In accordance with the IUPAC recommendation [
32] (“detection limits cannot be derived in the absence of known (or assumed) distributions”), we carried out the following. First, the critical value should be determined for false positives (“type I” error) based on the blank signal distribution function. Then, the signal distribution should be fitted with the appropriate function and the fit curve should be shifted to higher signal values in such a way that only 5% of the area is located below the critical value, therefore setting the false negative threshold (“type II” error) of 0.05 according to IUPAC [
32]. The new centroid positions of the shifted curve were determined (see
Figure 8b,d,f), and its values were converted to silicon concentration by using the corresponding calibration curves.

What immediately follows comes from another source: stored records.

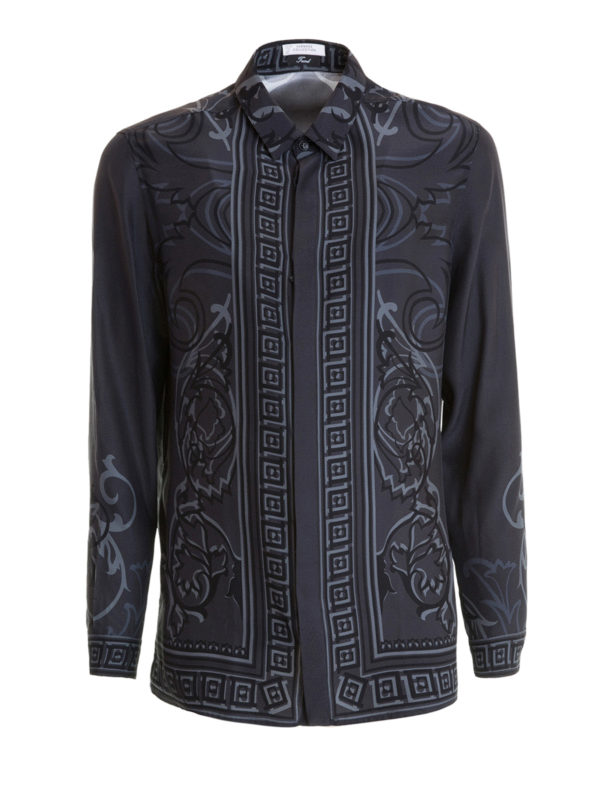 VERSACE COLLECTION: shirts - Baroque Greek print silk shirt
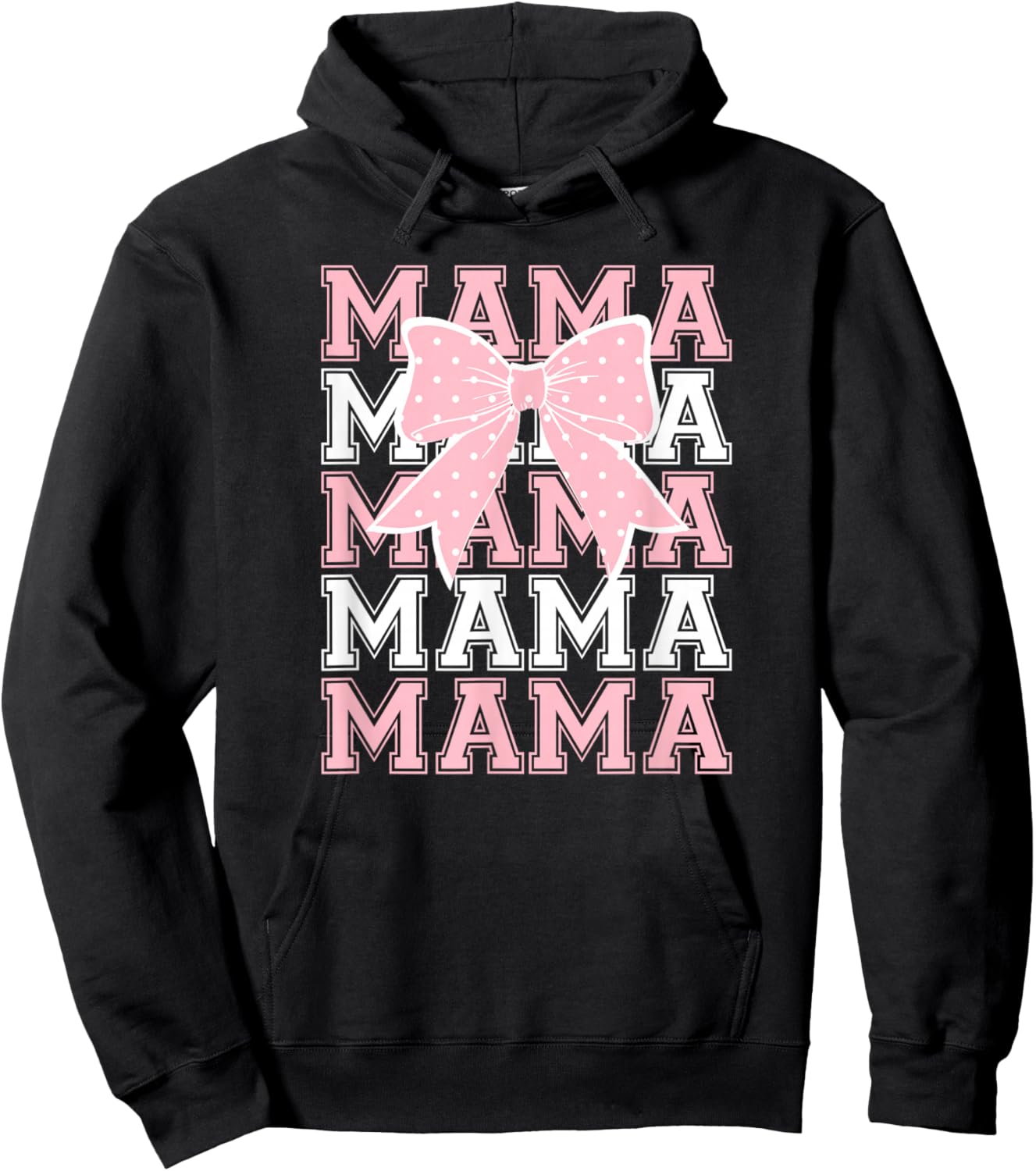 Cute Coquette Bow Mama in Pink and White Hoodie - Hoodie | Black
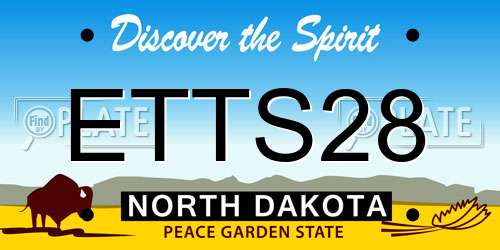 ETTS28 North Dakota License Plate
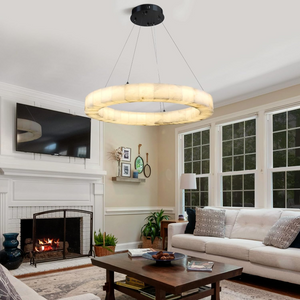 Maurice Modern Alabaster Halo Round Chandelier 31" 40" 60" - view 10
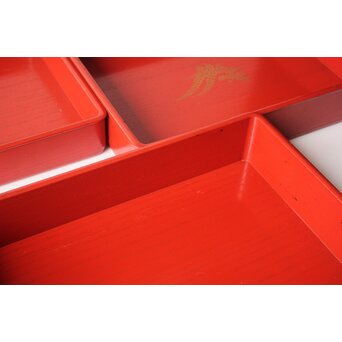 渡辺喜三郎 守屋松亭 合作 木製漆塗 藤蒔絵 御手許筥 3重盆 共箱　Q422 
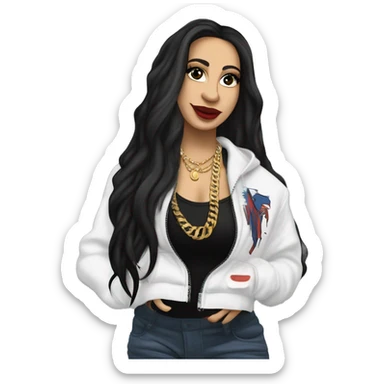 Villana Santiago Pacheco, known professionally as Villano Antillano, is a Puerto Rican rapper, singer and songwriter. She gained recognition in 2022 with the release of "Bzrp Music Sessions, Vol. 51" alongside producer. caucasian dark long hair sticker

For a better view, we present distribution functions for the LIBS signal and corresponding blank only for single-shot and 100-shot averaging while we made a calculation for 5- and 20-shot averaging as well and present LOD values in
Table 2. For single-shot LIBS signals (largest bias from the Gaussian distribution function), the difference between the LOD determined by calibration curves and histogram plotting was significant. Careful metering of the LOD according to histogram plotting provided systematically lower values (up to 3-fold) compared to the LODs determined from the calibration curves. Such a difference can be easily understood by fitting the Frechet distribution with the Gaussian function—the Gaussian function fit FWHM will be greater for non-symmetric distribution so the σ-value will be greater than its true value due to poor choice of the fit function. Plotting histograms and fitting them with appropriate functions provided more reliable results for LOD determination in accordance with the IUPAC definition discussed above. Spectra averaging transforms the LIBS signal distribution functions and makes them more similar to the Gaussian distribution function so the difference between the LOD determined by “calibration curves” and “histogram plotting” became smaller as the number of averaged spectra grew. LODs are improved up to 20-fold as the number of averaged spectra increases due to a better signal-to-noise ratio in the averaged spectra (20-fold improvement for the 100 spectra averaged). It should be noted that the LOD improvement by spectra averaging was different for “calibration curve” and “histogram plotting” approaches: 3- and 20-fold improvement, respectively.